#### Data for review:
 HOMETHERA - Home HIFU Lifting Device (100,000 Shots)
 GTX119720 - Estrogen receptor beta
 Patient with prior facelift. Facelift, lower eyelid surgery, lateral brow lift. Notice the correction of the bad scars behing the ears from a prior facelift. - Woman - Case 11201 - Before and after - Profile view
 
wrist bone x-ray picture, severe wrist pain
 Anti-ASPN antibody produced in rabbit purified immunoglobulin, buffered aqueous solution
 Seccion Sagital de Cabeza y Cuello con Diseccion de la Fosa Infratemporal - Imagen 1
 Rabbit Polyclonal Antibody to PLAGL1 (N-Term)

* * *

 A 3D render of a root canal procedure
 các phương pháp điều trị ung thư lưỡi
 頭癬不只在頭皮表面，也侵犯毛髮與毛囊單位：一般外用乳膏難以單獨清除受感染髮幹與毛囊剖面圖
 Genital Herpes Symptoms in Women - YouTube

...

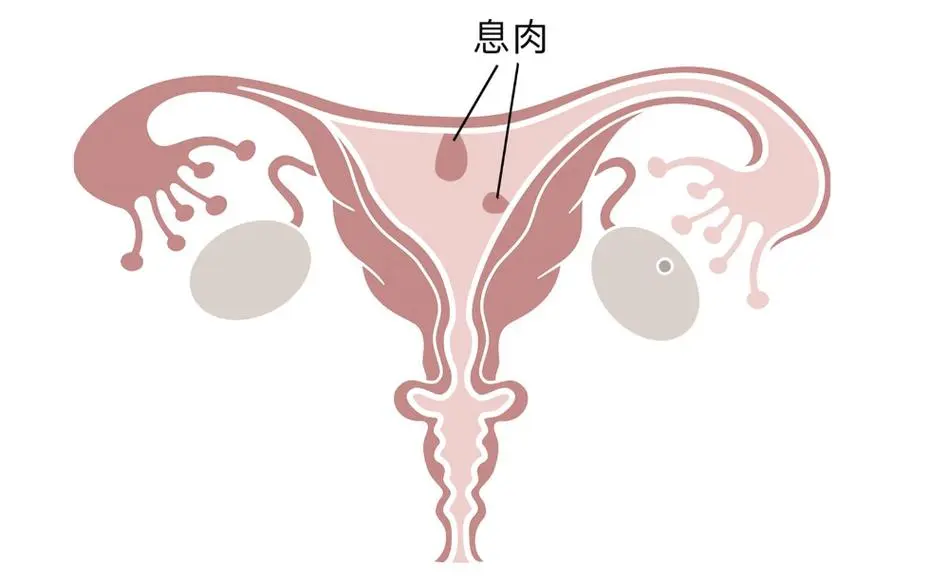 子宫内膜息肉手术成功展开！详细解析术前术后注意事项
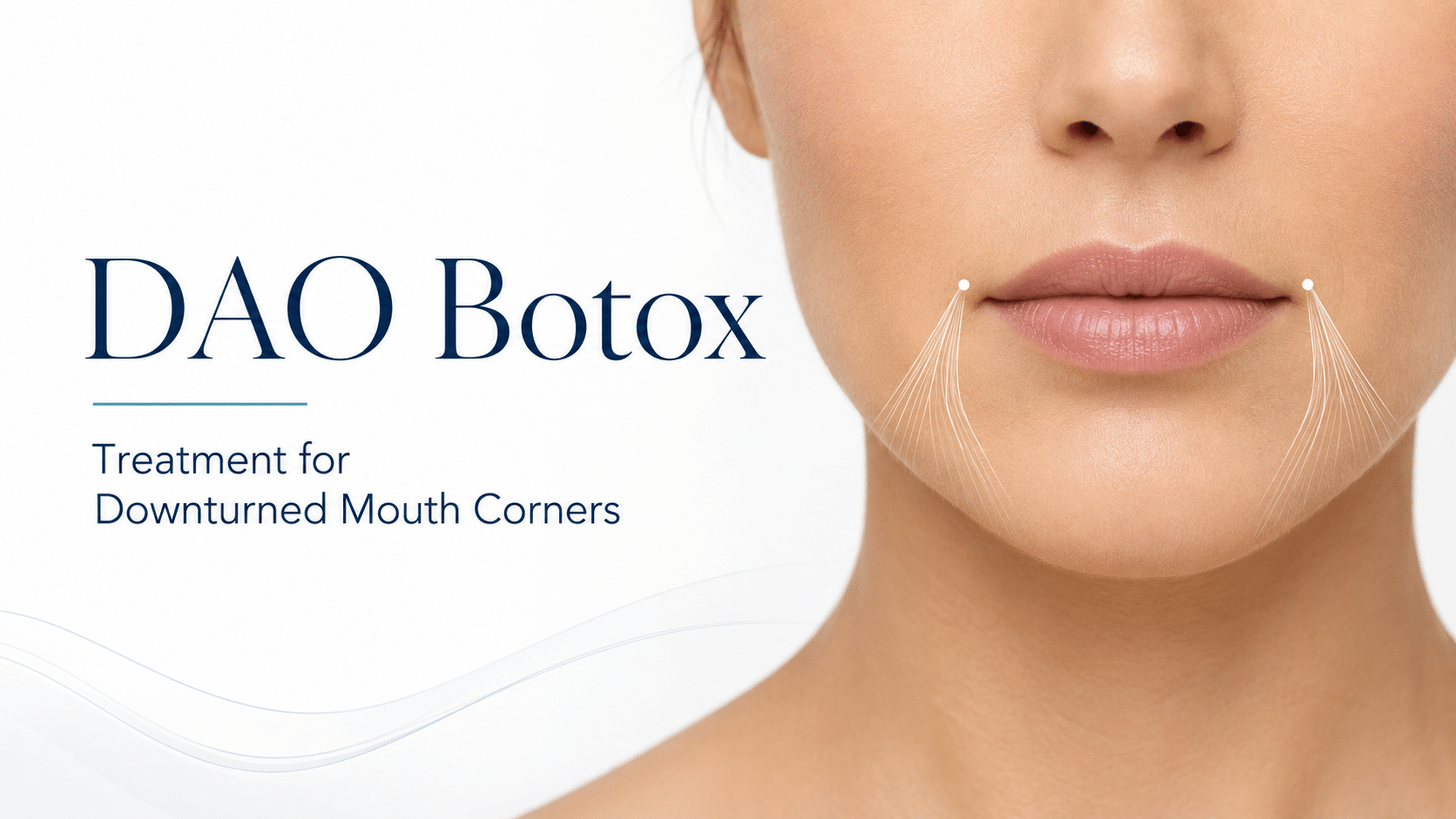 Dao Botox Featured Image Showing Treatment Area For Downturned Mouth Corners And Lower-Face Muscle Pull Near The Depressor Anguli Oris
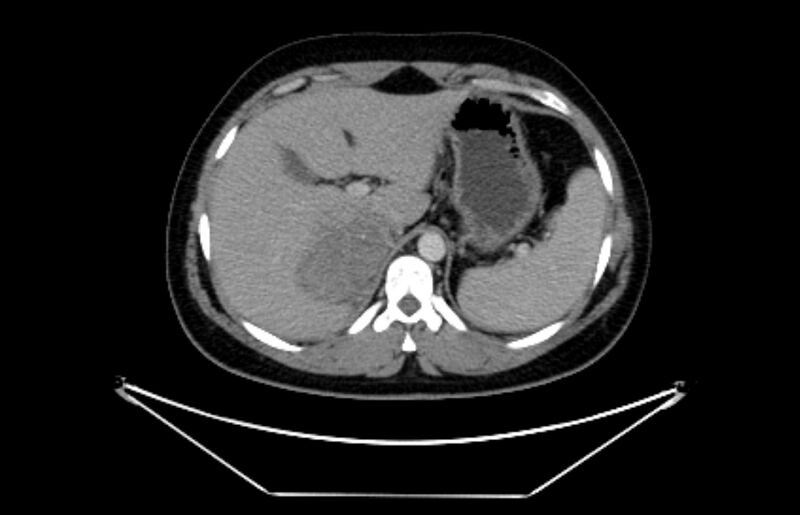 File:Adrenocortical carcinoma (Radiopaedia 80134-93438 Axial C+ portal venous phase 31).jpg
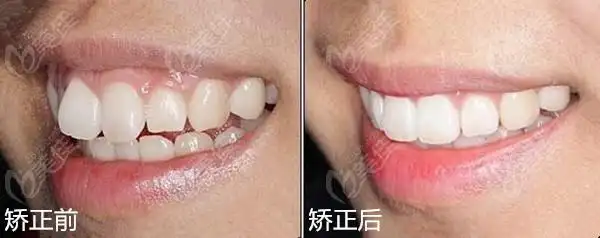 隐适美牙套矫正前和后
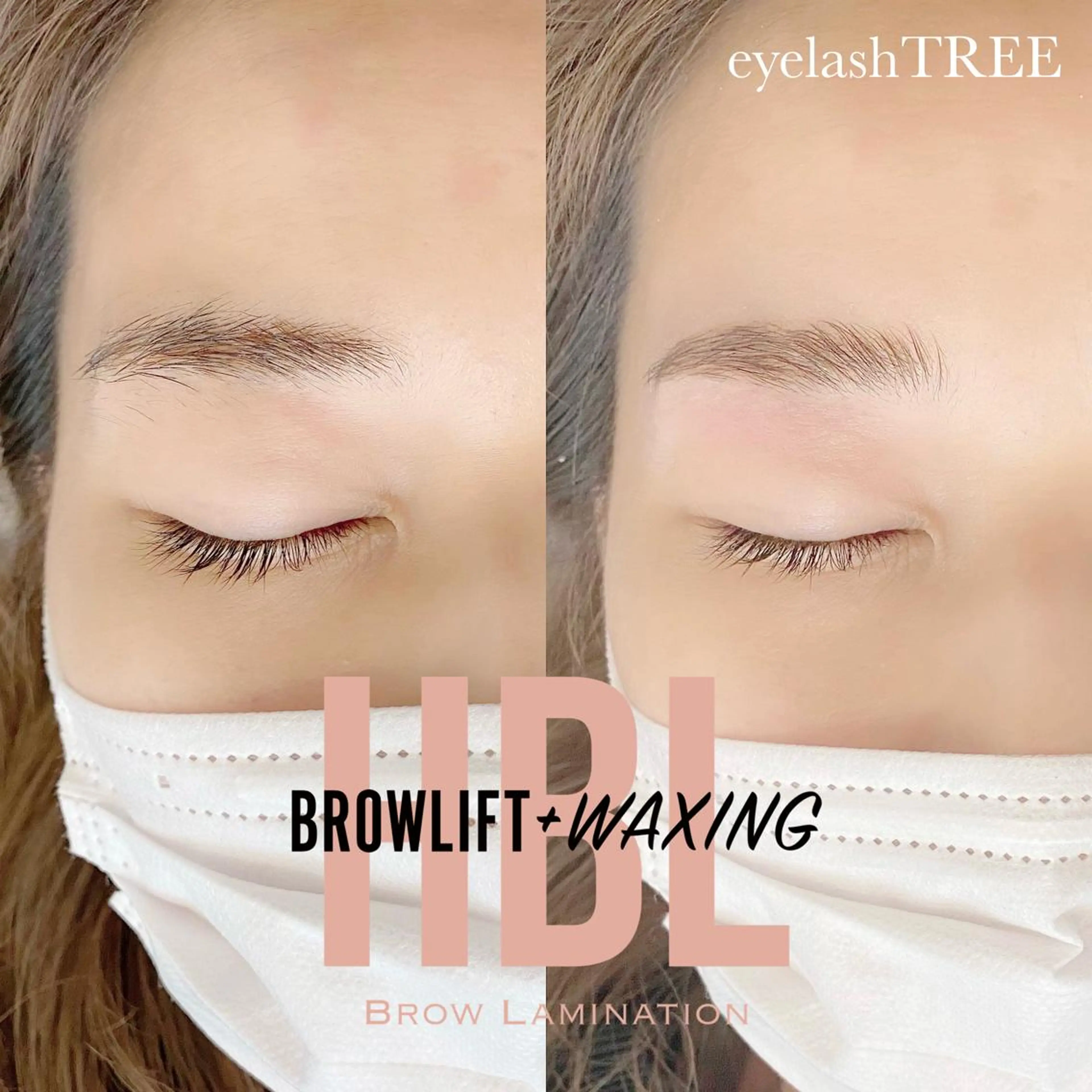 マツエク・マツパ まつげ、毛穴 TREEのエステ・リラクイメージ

#### Exercise requirements:
Starting at the line that has "HOMETHERA - Home" in the records above, restate word for word every line until the one that has "Rabbit Polyclonal Antibody", and include that one as well.

#### Solution:
 HOMETHERA - Home HIFU Lifting Device (100,000 Shots)
 GTX119720 - Estrogen receptor beta
 Patient with prior facelift. Facelift, lower eyelid surgery, lateral brow lift. Notice the correction of the bad scars behing the ears from a prior facelift. - Woman - Case 11201 - Before and after - Profile view
 
wrist bone x-ray picture, severe wrist pain
 Anti-ASPN antibody produced in rabbit purified immunoglobulin, buffered aqueous solution
 Seccion Sagital de Cabeza y Cuello con Diseccion de la Fosa Infratemporal - Imagen 1
 Rabbit Polyclonal Antibody to PLAGL1 (N-Term)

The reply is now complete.